[Image-caption web data]

========

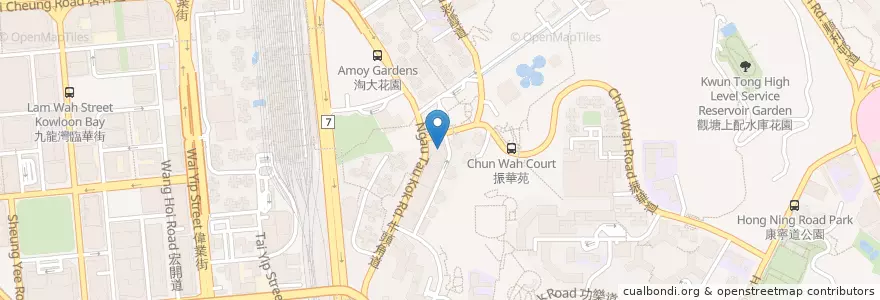 Mapa de ubicacion de Seafood Restaurant en 中国, 广东省, 香港, 九龍, 新界, 觀塘區.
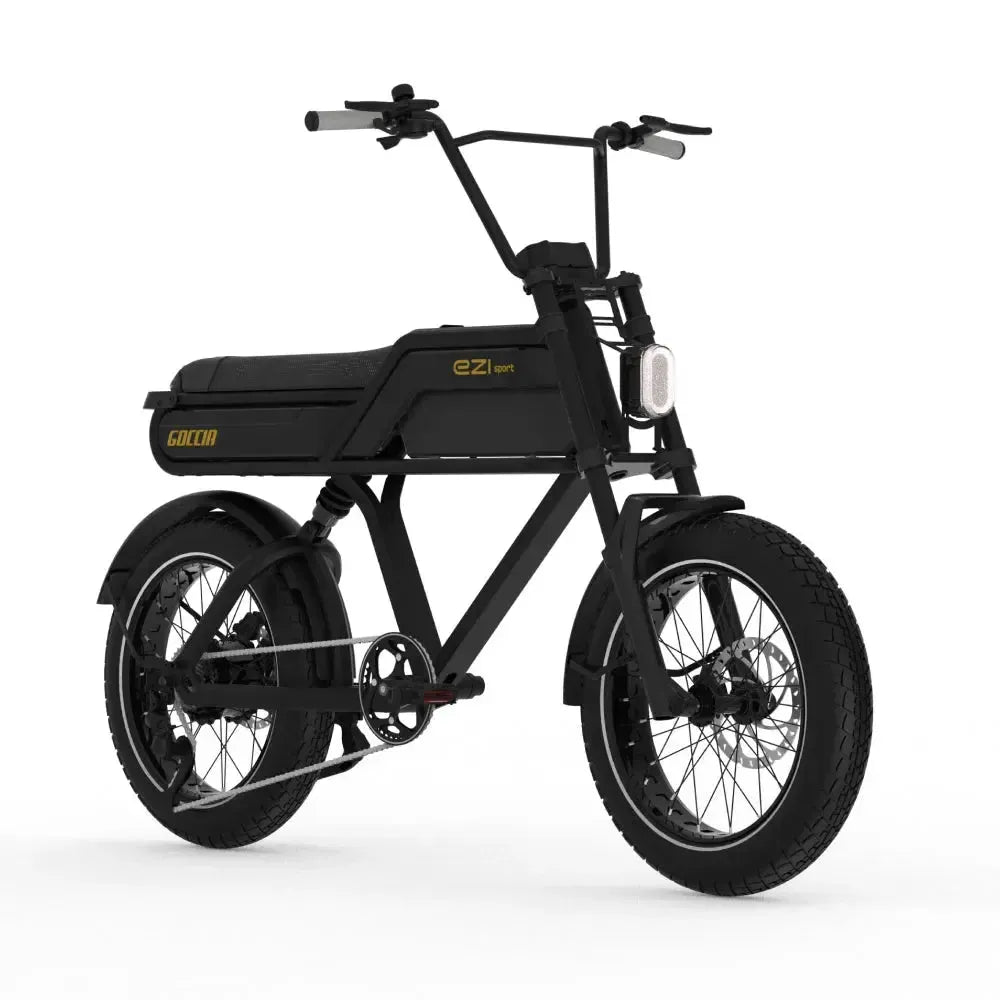 AGM Goccia Sport - Zwart - fatbikeskopen.nl
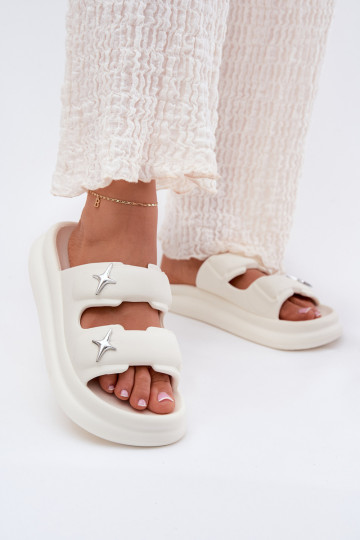 Chaussons légers pour femmes à plateforme en ivoire FaloĮena 2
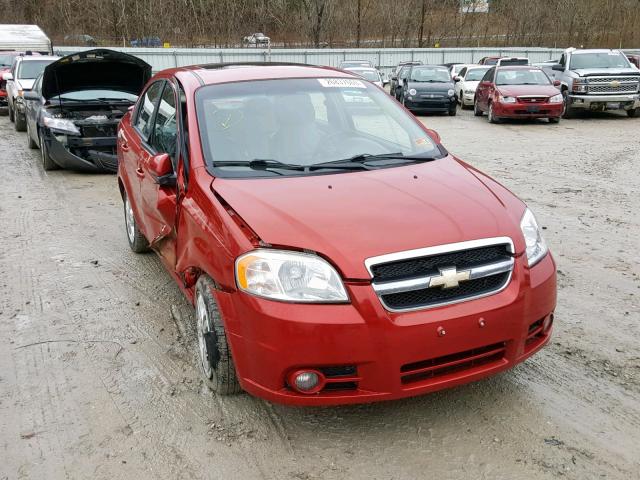 KL1TG5DE3BB119333 - 2011 CHEVROLET AVEO LT RED photo 1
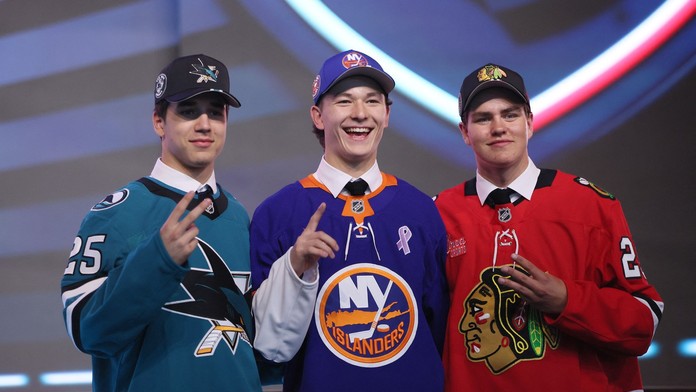 Najlepšia trojica Draftu NHL 2025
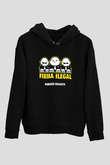 Dubioza Kolektiv Baskılı Unisex Siyah Hoodie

========

Required action: Copy the data word for word. Pictures do not go in the copy.

Answer box:
 Mapa de ubicacion de Seafood Restaurant en 中国, 广东省, 香港, 九龍, 新界, 觀塘區.
 AGM Goccia Sport - Zwart - fatbikeskopen.nl
 Chaussons légers pour femmes à plateforme en ivoire FaloĮena 2
 KL1TG5DE3BB119333 - 2011 CHEVROLET AVEO LT RED photo 1
 Najlepšia trojica Draftu NHL 2025
 Dubioza Kolektiv Baskılı Unisex Siyah Hoodie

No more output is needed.